Using Yelp Data to Predict Restaurant Closure

Published in

Towards Data Science

11 min readJan 7, 2018

Michail Alifierakis is an aspiring data scientist and a Chemical Engineering PhD candidate at Princeton University where he models the mechanical and electrical properties of complex materials. He was an Insight Data Science Fellow in Fall 2017. At Insight, in three weeks, he built a model that predicts restaurant closure within a four-year period time frame.

As a fellow at Insight Data Science, I had the opportunity to spend three weeks building the Restaurant Success Model: A model that evaluates whether a restaurant is likely to succeed or fail within the next four years. The most challenging part of this project was to build the right dataset that contained current information about restaurants that existed at some point in the past and to engineer predictive features.

Past efforts to use Yelp data to predict the success of restaurants using the Yelp star rating were unsuccessful. On the other hand, Yelp reviews text is very predictive of restaurant closure on short time scales. In my work I engineered features that are predictive on larger time scales (four years) using metadata from Yelp reviews and features based on relative performance to surrounding restaurants. More details for this problem, the procedure used and the obtained results are presented below.

1. Defining the problem

The U.S. restaurant industry is really large, generating revenues of about $799 billion in 2016, distributed between more than 1 million businesses that employ about 10% of the U.S. workforce. Given the large number of small businesses and the total size of this industry, I decided to create a model that can help restaurant lenders (such as banks) and investors decide whether they should lend/invest at a particular restaurant based on the likelihood that it is going to fail within the next few years.

Restaurant closure is a very clear metric for success although more complicated success metrics can be designed. The restaurant closure metric choice allowed me to frame this problem as a classification problem and it made it easier to obtain labeled data. More detailed information about the performance of each restaurant is hard to find as most restaurants are private companies.

2. Building the dataset

A labeled dataset that can be used to solve the above problem of restaurant closure does not exist to the best of my knowledge. As a starting point, to construct such dataset, I had to find a list of restaurants that existed at some point in the past and then match that information with current information about the restaurants.

My starting dataset was a Yelp dataset released in 2013. This dataset contains information about business in the Phoenix, AZ area.

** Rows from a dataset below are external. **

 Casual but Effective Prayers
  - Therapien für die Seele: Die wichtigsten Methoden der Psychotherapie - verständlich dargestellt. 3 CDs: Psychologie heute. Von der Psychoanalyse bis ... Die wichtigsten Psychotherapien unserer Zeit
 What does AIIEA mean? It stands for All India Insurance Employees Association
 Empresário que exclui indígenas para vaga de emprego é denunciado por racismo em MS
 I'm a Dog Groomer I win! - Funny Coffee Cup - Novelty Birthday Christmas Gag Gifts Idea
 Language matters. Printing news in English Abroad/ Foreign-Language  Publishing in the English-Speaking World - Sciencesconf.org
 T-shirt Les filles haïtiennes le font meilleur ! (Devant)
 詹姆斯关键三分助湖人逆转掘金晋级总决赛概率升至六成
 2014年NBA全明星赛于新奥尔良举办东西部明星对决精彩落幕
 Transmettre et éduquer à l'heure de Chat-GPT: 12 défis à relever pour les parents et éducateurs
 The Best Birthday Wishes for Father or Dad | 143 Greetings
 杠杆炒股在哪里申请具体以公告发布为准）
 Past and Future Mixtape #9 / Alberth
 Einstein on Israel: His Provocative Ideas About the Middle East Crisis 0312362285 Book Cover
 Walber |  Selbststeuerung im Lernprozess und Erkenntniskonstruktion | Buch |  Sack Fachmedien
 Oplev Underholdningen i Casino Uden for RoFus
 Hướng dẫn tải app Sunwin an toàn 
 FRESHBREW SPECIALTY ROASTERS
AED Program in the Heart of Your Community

Using the training data of this dataset I decided to work only with restaurants and only with the restaurants that were still open when this dataset was obtained.

This dataset and all other datasets released by Yelp for academic use do not contain the real business identification codes or phone numbers. These codes, if available, would make it easy to obtain current data from the Yelp API. To overcome the lack of business ids, I used the Yelp Search API to search for each restaurant from the old list using their name and address but the results were disappointing.

Using this approach, only two thirds of the restaurants were matched with current information. The remaining searches gave results that did not correspond to the real restaurant. The basic problem with this search method, though, was not the number of data points, it was the bias in the way the results are returned.

The restaurants that were returned correctly through Yelp Search were restaurants that are either still open or closed very recently. This resulted in a dataset that contained almost exclusively successful restaurants (since even the restaurants that closed are restaurants that managed to remain open for about four years since the release of the original dataset). For the remaining restaurants I could not be certain whether they closed or not until I obtained specific information for each of those restaurants.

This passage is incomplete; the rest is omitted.